Teachers’ especially new ones have very few protections while at work. If a principal or an administrator gets it in their head that they don’t like you, they can make a teachers life very difficult. Spot lesson plan checks, constant visits to your room, a change in assignment, a hit to an evaluation, a loss of merit pay, a lack of respect in front of peers or worse in front of children, a dismissal of concerns or issues, a lack of support, a denial of trainings, it goes on and on the subtle ways those with a little power can make a teacher’s life miserable. I know one teacher who was told she could no longer park in the teacher’s parking lot.

Veteran teachers tell new teachers all the time to be quiet and take it. That it is best to fly under the radar, when they complain in confidence about unfair demands or overbearing administrators. It used to be after three years teachers had some kind of protection, what the public education-hating crowd convinced some of the public was tenure but now even that is gone. From this point on teachers have become at will employees capable of being fired at the end of the year for any reason, real or imagined.

You better pass this amount of children or your evaluation will suffer, you won’t get merit pay or you know what I have a neighbor whose nephew says he might want to try teaching so you could be gone. Don’t think about writing any referrals either. The same goes for refusing to work extended day, Saturday school, to tutor on your personal time, running a club, taking on extra work or projects, or just plain don’t think any kid should get grade recovery for any reason. Well from now on refuse any of these things at the risk of your evaluation or job.

So what some people might say. They like to point out with this economy there is no end of applicants but what they don’t like to point out is, do we really want anybody willing to roll the dice teach our children and five years ago when the economy was good we didn’t have enough teachers and we were recruiting in India and Canada. That’s right friends we were traveling thousands of miles away to find teachers for our students in Florida because not enough people were willing to roll the dice. If the economy ever does turn around we won’t have enough warm bodies to staff our classrooms.

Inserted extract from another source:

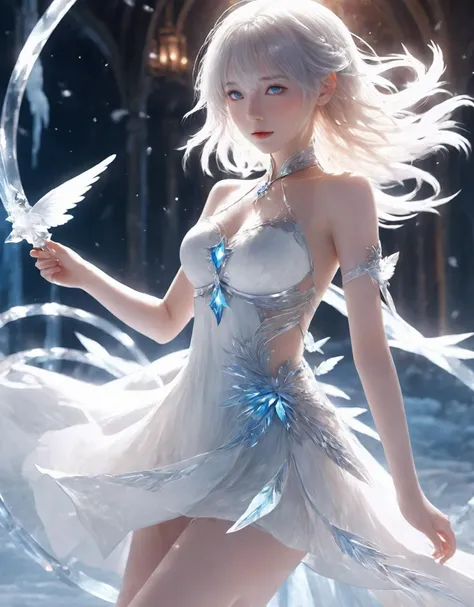 sword-stepping flight,white hair,1girl,ice,(ice ring:1.4),ice and water,High quality,a girl surrounded by an ice ring,masterpiece,wallpaper,(translucent white gauze dress:1.3),(:1.3),ponytail,walking,fantasy,blue eyes,girl suspended in the air,(fly:1.3),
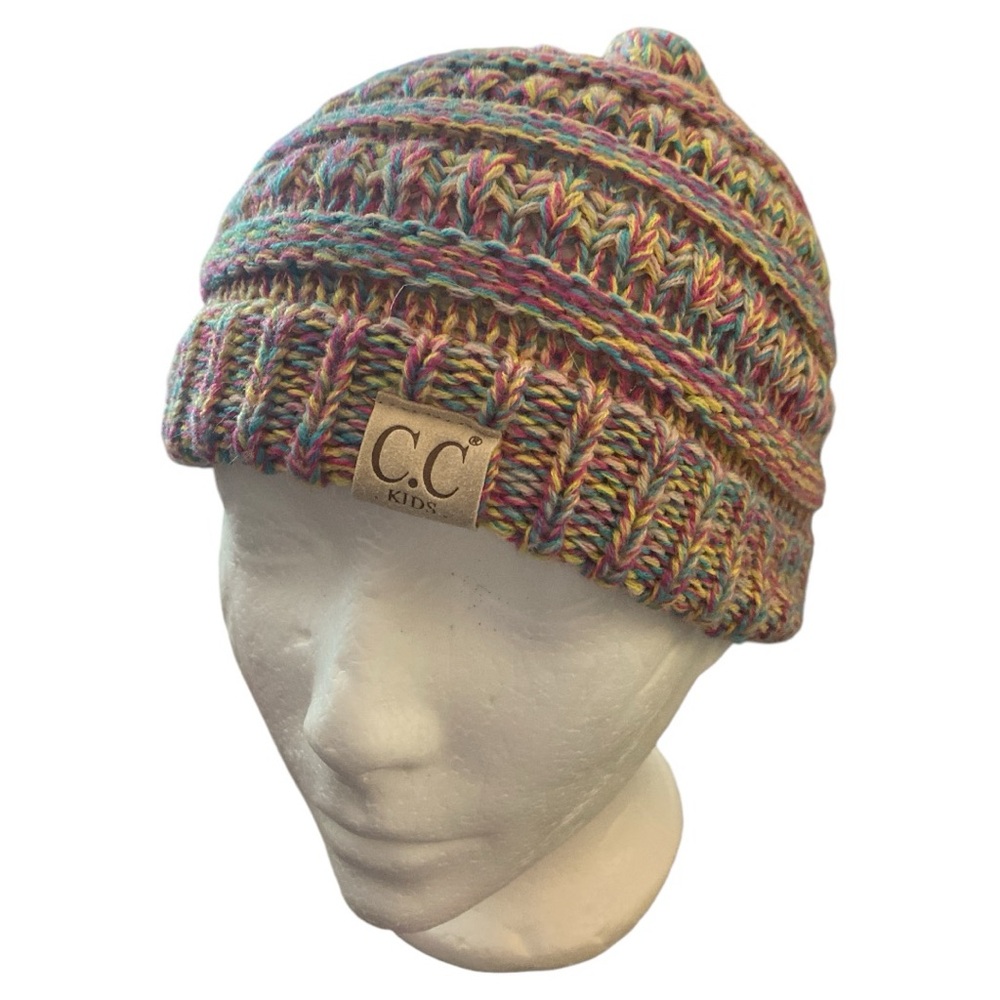 C.C Kids' Cute Warm and Comfy Children's Knit Ski Beanie Hat with Pony Tail Hole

The legislature has recently given principals and school districts carte blanche to intimidate and bully teachers, not that they needed it. Petty tyrants like the one who made my brilliant reading teacher want to quit are already alive and well throughout the district. They use the hammer and the fist to get what they want. They intimidate and cajole and use methods we want to protect our children from in order to get their way.

How are teachers supposed to stick up for their children, how are teachers supposed to point out flaws in the system, how are teachers supposed to do what is right when they might lose their job for it. The best administrators get their staff to want to work with them, to make them want to succeed, they don’t use fear, threats and intimidation to get what they want. The best teachers use similar methods as well.

Bullying is alive in well in Duval County and like how we have seen it adversely affect children and have called for its stop we should likewise demand administrators stop it as well. We need to support and back our teachers. We need to nurture the new ones too. We need to have a district where everyone feels respected and appreciated until they prove other wise, not just play lip service to that idea.

1 comment:

  1. The only way to stop bullying is to report it to authorities and take appropriate disciplinary or legal steps. It isn't easy, but those who are bullied really can't complain if they have not blown the whistle on fear, threats, intimidation, etc.